** Opening Given data block **

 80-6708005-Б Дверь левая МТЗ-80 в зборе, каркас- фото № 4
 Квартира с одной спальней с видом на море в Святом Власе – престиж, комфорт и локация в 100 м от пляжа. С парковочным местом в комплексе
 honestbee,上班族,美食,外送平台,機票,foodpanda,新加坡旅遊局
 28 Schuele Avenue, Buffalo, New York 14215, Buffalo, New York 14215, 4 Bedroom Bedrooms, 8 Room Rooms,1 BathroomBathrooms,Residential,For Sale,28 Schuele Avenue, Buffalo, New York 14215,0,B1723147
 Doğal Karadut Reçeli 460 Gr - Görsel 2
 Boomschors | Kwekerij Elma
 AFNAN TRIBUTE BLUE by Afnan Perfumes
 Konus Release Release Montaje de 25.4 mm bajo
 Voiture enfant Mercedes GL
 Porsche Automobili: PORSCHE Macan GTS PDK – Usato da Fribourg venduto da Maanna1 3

** Closing Given data block **

What the task requires: Copy every line of the listing, exact to the last character.

Completed task:
 80-6708005-Б Дверь левая МТЗ-80 в зборе, каркас- фото № 4
 Квартира с одной спальней с видом на море в Святом Власе – престиж, комфорт и локация в 100 м от пляжа. С парковочным местом в комплексе
 honestbee,上班族,美食,外送平台,機票,foodpanda,新加坡旅遊局
 28 Schuele Avenue, Buffalo, New York 14215, Buffalo, New York 14215, 4 Bedroom Bedrooms, 8 Room Rooms,1 BathroomBathrooms,Residential,For Sale,28 Schuele Avenue, Buffalo, New York 14215,0,B1723147
 Doğal Karadut Reçeli 460 Gr - Görsel 2
 Boomschors | Kwekerij Elma
 AFNAN TRIBUTE BLUE by Afnan Perfumes
 Konus Release Release Montaje de 25.4 mm bajo
 Voiture enfant Mercedes GL
 Porsche Automobili: PORSCHE Macan GTS PDK – Usato da Fribourg venduto da Maanna1 3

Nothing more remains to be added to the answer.